1979: Peace Treaty with Egypt. In 1978, President Jimmy Carter brought Egypt’s President Sadat together with Israel’s Prime Minister Begin at Camp David for talks that led to a 1979 peace treaty between the two countries. In exchange for the return of the Sinai peninsula to Egypt, Israel received diplomatic recognition from a major Arab nation, and the right to use the Suez Canal.

1982: Lebanon conflict. The expulsion of the PLO from Jordan brought a flood of Palestinian militants into Lebanon. The Palestinians used southern Lebanon as a base for terrorist attacks on Israel. Israeli troops entered Lebanon many times in response. After the assassination of an Israeli ambassador in London by Palestinians, Israel invaded Lebanon in 1982. A massacre by Lebanese Christians at the Sabra and Shatilla refugee camps—which was either ordered or allowed by the Israelis—killed 700 Palestinians. Israel withdrew from most of Lebanon in 1985, but kept some troops in the south for nearly 20 more years.

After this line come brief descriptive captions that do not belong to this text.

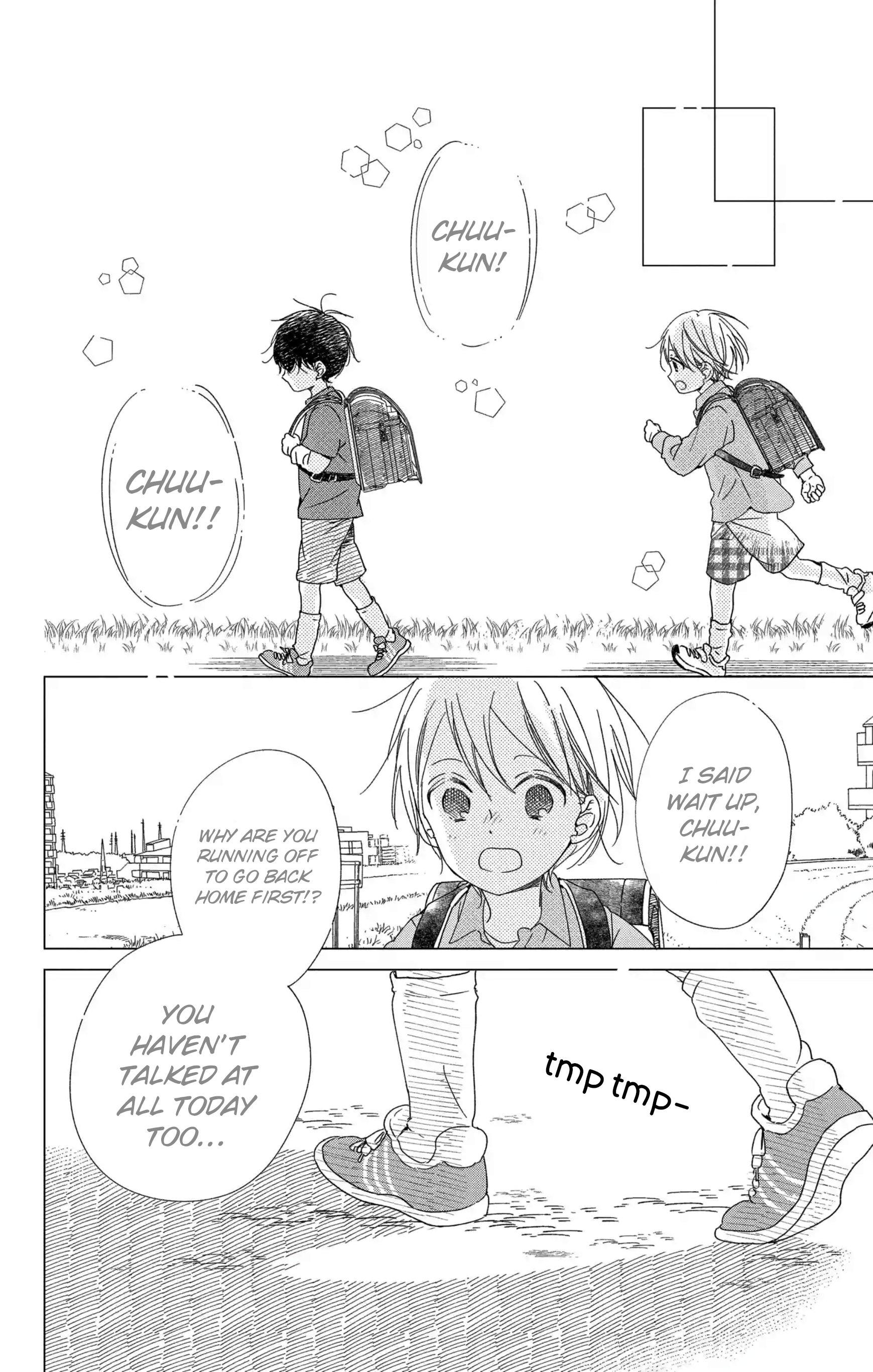 Read School Babysitters ENGLISH Manga Online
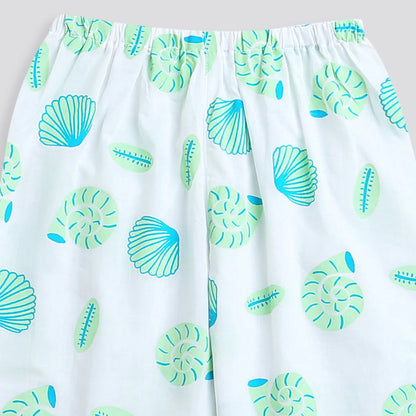 Beach Shells Cotton Pyjama Set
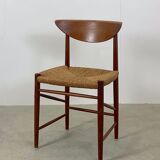 Danish Teak Dining Set by Peter Hvidt & Orla Mølgaard-Nielsen for Søborg Møbelfabrik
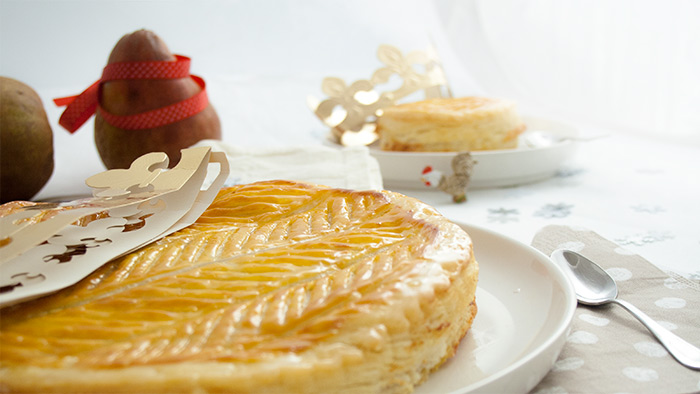 Recette galette des rois frangipane poires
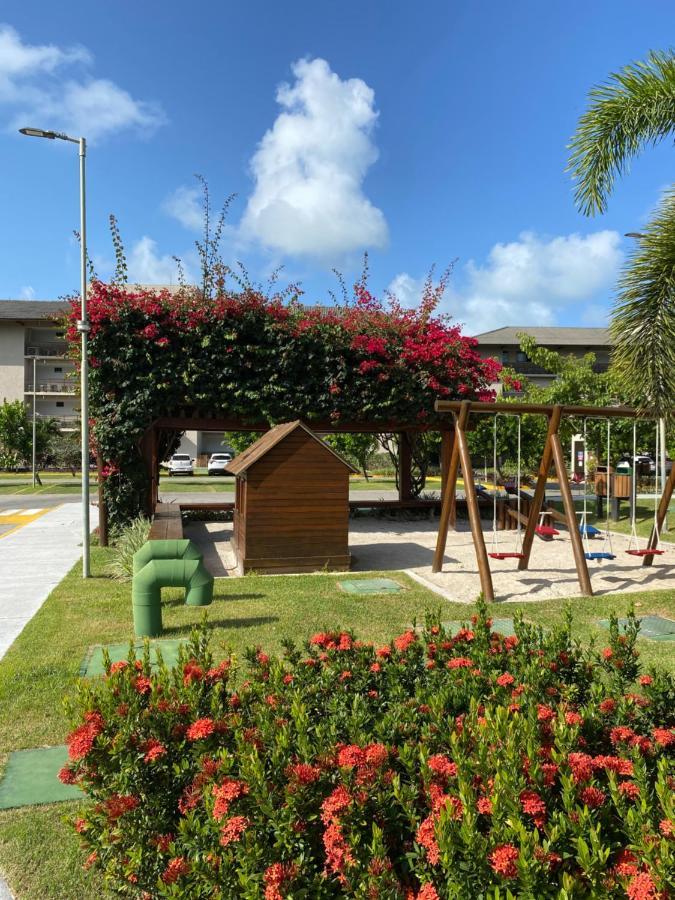 Apto Beira Mar Terreo Com Area Gourmet Praia De Muro Alto Pôrto das Galinhas Exteriör bild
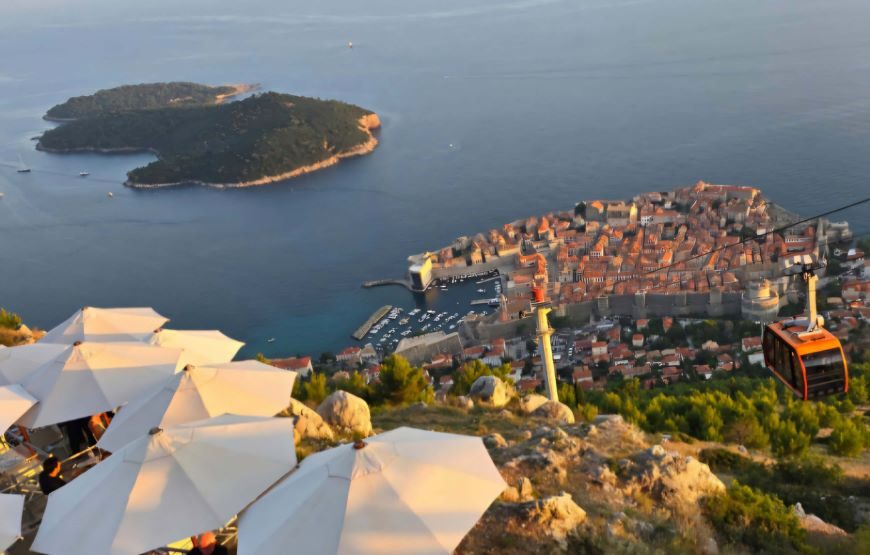 Dubrovnik Sunset Tour – Breathtaking Views & Local Wine in 2 Hours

Divided opinions, endless disputes Both Israelis and Palestinians have their moderates and their uncompromising hard-liners. Partisans on both sides dispute the claims of the other group. This has taken some to grotesque extremes. President Ahmadinejad of Iran is one among many enemies of Israel who have expressed doubts that the Holocaust really happened, saying it may have been a hoax to justify the creation of a Jewish state.

Divisions among Palestinians: PLO leader Yasser Arafat renounced terrorism in 1988, recognized Israel’s right to exist, and pursued negotiations aimed at establishing a Palestinian state. The Fatah party, long associated with Arafat and now led by Mahmoud Abbas, continues that policy (though some party members say that recognizing Israel is only a temporary tactic). Hamas, a more militant, Islamist party that has neither renounced terrorism nor recognized Israel, defeated Fatah in the 2006 parliamentary elections. The two parties have clashed both politically and militarily, but reached a reconciliation in 2011. (For background on the two parties and their reconciliation, see The Guardian.)

Opinion surveys of Palestinians reveal important differences of opinion:

June, 2011: Responding to a statement by President Obama that a permanent peace should be based on the principle of two mutually recognized states for two peoples, 51% of Palestinians agreed, but 47% disagreed. In the same survey, 60% of Palestinians said they believed Israel wants continued control of the West Bank and hopes to expel its Arab citizens.

According to a different survey cited by the Israel Democracy Institute in January 2011, the majority of Palestinians view the two-state solution as a temporary stage, and believe the conflict will only end when a Palestinian state replaces what is now Israel and the West Bank.

For more on political opinions among Palestinians, visit the website of the Palestinian Center for Policy and Survey Research.

Divisions among Israelis: In a 2010 opinion poll, 55% of Israeli Jews agreed that the two-state solution is essential to Israel’s survival as a Jewish state, while 36% disagreed. Nevertheless, 68% of Israeli Jews believe that, even if a peace agreement is signed, the Palestinians will continue their struggle to create a Palestinian state that would replace Israel.

Jewish Israelis disagree on President Obama as well: they rated him the world’s third most admired leader, but also the second most disliked.